Next to the church, along the woody eminence from which you can watch fireworks, five or six pines stand tall, half covered in ivy. A pair of hawks live here. They have red shoulders and tails both, and seem to be different sizes at different times, so we’ve been unsure about species, but lately we think they must be Buteo jamaicensis. Their wings from below have that black-rimmed white look, and they’re just such tough customers. They keen like the possessed; when crows mob them, a half dozen at a time, they shrug it off. “Just another day being a hawk on Twitter,” we say. There was a nest where hungry hawklets seemed likely, but it was far out of view, and being still doubtful on telling one hawk from another we’re not sure if any fledged this year.
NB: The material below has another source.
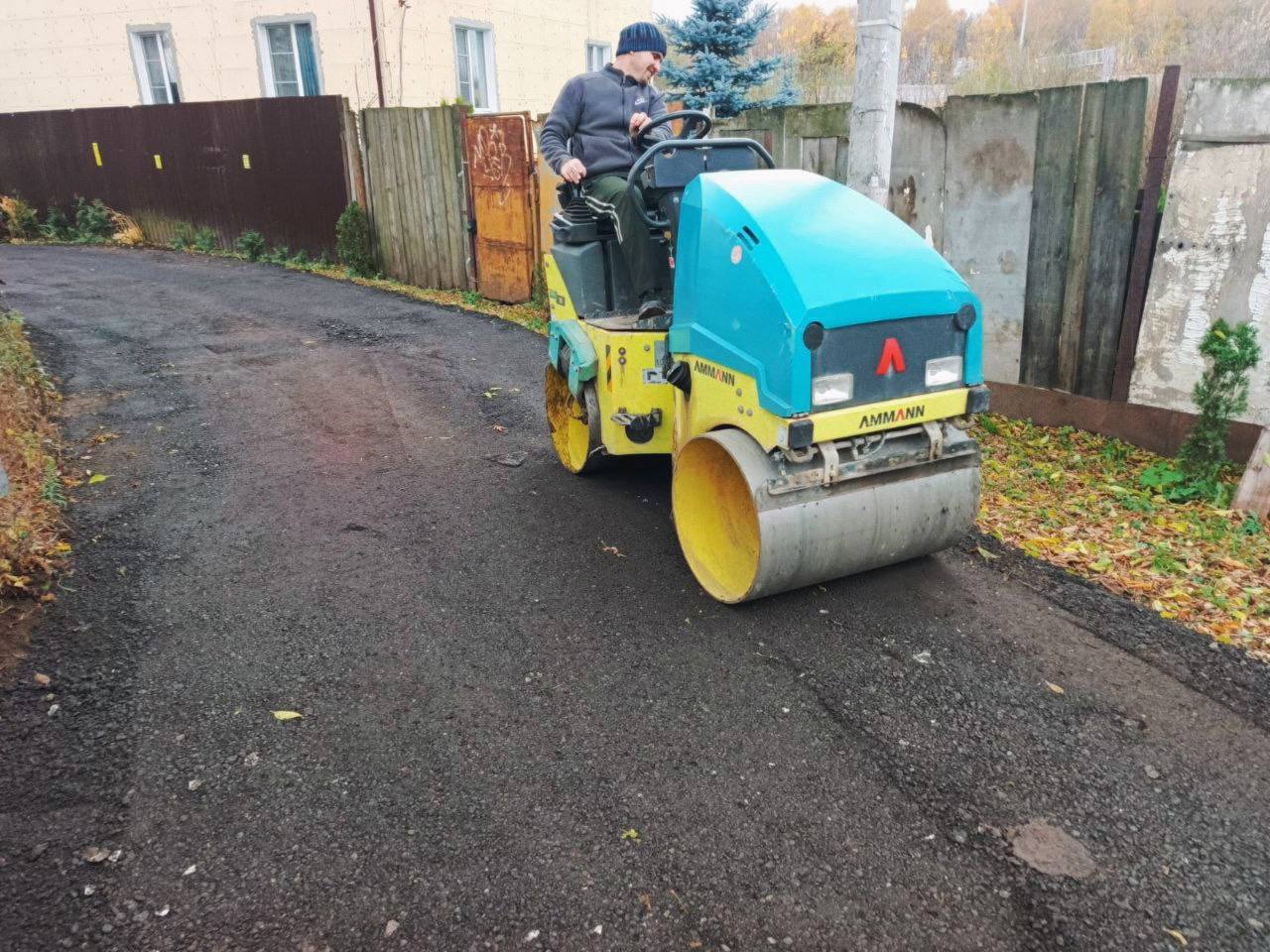 Подсыпку трех участков дорог по просьбам жителей выполнили в поселках Люберец Подсыпку трех участков дорог по просьбам жителей выполнили в поселках Люберец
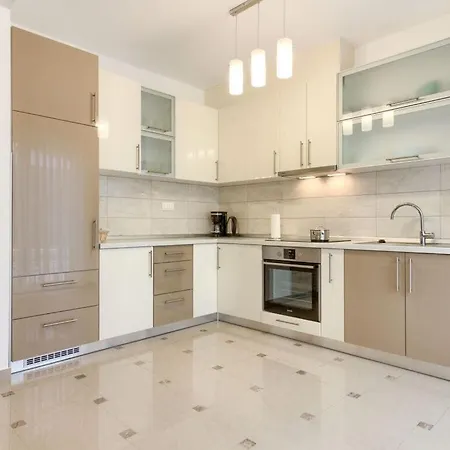 Villa Aurora-marisol With Pool, 150 M Pula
For my hungry progeny I make a burrito. The beans are gin and the rice is vermouth; you need both, but there’s no mistaking which one gets top billing. Yet it’s the rice that takes longer to cook. So this tends to be one of the dozen small still spots in my day: it bubbles, I putter, it bubbles, I putter.
Under the hawks we garden, or try to garden. It’s tough interpretive work, sorting out the plants that want to be hot and dry from those that are simply putting up with it. But the work never stops, which must be the definition of a garden as opposed to a monument. A garden could only become a monument by chance: that is, if someone happened to notice it after it was dead.